WHAT YOU ARE ASKED TO DO:
From the entries below, return only the lines starting at the one that contains "Waterproof W40 Womens 5mm Wetsuit" and ending at the one that contains "Vegetable Dye Kerman Persian Area Rug 10x12", exactly as they stand.

Records contained in a dataset
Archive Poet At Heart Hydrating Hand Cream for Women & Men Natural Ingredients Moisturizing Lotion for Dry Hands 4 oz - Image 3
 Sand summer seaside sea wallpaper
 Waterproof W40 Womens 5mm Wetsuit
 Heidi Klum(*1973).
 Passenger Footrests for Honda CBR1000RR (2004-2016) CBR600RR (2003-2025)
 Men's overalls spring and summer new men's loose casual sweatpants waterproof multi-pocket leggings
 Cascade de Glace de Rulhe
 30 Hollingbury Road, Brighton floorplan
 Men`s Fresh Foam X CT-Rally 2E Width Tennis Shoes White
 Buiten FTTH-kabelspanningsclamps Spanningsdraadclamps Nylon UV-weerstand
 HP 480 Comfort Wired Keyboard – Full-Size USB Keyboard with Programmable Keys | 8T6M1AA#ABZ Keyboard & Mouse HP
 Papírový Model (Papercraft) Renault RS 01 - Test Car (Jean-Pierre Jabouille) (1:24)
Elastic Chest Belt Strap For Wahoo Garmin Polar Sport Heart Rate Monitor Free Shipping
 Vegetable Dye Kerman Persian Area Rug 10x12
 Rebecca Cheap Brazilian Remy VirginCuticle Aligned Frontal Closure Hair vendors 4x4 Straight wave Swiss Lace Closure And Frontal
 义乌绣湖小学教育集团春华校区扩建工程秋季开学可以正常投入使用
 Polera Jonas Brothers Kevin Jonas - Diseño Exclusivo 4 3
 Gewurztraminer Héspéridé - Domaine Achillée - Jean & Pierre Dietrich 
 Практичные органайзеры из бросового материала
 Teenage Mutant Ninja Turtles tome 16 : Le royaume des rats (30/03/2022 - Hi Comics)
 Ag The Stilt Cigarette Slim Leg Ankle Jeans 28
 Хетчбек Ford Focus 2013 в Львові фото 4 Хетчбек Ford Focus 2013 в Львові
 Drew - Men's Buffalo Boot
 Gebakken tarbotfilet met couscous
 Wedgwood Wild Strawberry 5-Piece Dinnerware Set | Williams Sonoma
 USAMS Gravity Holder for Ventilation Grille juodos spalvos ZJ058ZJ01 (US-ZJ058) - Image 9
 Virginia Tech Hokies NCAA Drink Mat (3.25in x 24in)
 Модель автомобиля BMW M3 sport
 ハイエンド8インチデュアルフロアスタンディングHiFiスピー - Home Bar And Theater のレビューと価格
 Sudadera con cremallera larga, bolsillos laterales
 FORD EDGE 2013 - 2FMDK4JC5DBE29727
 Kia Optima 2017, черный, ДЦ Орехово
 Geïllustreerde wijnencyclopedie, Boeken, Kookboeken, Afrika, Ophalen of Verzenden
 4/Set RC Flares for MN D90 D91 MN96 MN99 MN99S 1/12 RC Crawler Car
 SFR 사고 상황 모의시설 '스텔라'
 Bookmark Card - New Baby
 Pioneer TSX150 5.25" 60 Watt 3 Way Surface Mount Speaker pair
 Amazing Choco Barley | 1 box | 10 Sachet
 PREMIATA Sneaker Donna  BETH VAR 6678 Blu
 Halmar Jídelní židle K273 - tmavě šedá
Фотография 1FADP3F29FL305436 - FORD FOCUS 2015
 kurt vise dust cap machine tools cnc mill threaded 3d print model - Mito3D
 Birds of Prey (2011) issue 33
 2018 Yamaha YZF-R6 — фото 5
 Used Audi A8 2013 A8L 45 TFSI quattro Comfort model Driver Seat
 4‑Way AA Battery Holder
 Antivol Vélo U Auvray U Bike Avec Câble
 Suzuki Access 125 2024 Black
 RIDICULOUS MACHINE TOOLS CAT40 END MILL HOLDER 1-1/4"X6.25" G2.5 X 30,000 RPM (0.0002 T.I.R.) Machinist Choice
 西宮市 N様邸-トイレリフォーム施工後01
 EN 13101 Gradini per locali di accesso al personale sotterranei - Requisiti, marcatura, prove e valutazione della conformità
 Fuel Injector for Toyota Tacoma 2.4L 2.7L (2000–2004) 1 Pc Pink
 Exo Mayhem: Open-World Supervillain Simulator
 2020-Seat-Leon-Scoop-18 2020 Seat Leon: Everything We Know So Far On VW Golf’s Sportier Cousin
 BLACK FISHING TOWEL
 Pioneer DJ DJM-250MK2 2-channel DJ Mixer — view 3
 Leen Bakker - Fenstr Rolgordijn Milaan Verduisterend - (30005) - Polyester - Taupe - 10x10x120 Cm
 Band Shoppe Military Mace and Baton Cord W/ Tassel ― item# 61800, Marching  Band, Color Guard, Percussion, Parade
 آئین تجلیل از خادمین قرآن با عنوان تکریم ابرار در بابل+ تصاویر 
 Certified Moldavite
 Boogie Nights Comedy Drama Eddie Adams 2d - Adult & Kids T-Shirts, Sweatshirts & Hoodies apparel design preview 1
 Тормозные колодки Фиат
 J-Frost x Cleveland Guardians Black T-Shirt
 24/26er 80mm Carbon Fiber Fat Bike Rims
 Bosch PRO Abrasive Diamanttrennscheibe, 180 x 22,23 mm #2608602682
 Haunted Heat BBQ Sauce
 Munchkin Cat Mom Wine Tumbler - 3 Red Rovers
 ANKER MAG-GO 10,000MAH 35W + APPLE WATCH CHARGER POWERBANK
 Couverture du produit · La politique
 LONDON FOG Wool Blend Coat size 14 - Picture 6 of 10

ANSWER TO THIS PROBLEM:
 Waterproof W40 Womens 5mm Wetsuit
 Heidi Klum(*1973).
 Passenger Footrests for Honda CBR1000RR (2004-2016) CBR600RR (2003-2025)
 Men's overalls spring and summer new men's loose casual sweatpants waterproof multi-pocket leggings
 Cascade de Glace de Rulhe
 30 Hollingbury Road, Brighton floorplan
 Men`s Fresh Foam X CT-Rally 2E Width Tennis Shoes White
 Buiten FTTH-kabelspanningsclamps Spanningsdraadclamps Nylon UV-weerstand
 HP 480 Comfort Wired Keyboard – Full-Size USB Keyboard with Programmable Keys | 8T6M1AA#ABZ Keyboard & Mouse HP
 Papírový Model (Papercraft) Renault RS 01 - Test Car (Jean-Pierre Jabouille) (1:24)
Elastic Chest Belt Strap For Wahoo Garmin Polar Sport Heart Rate Monitor Free Shipping
 Vegetable Dye Kerman Persian Area Rug 10x12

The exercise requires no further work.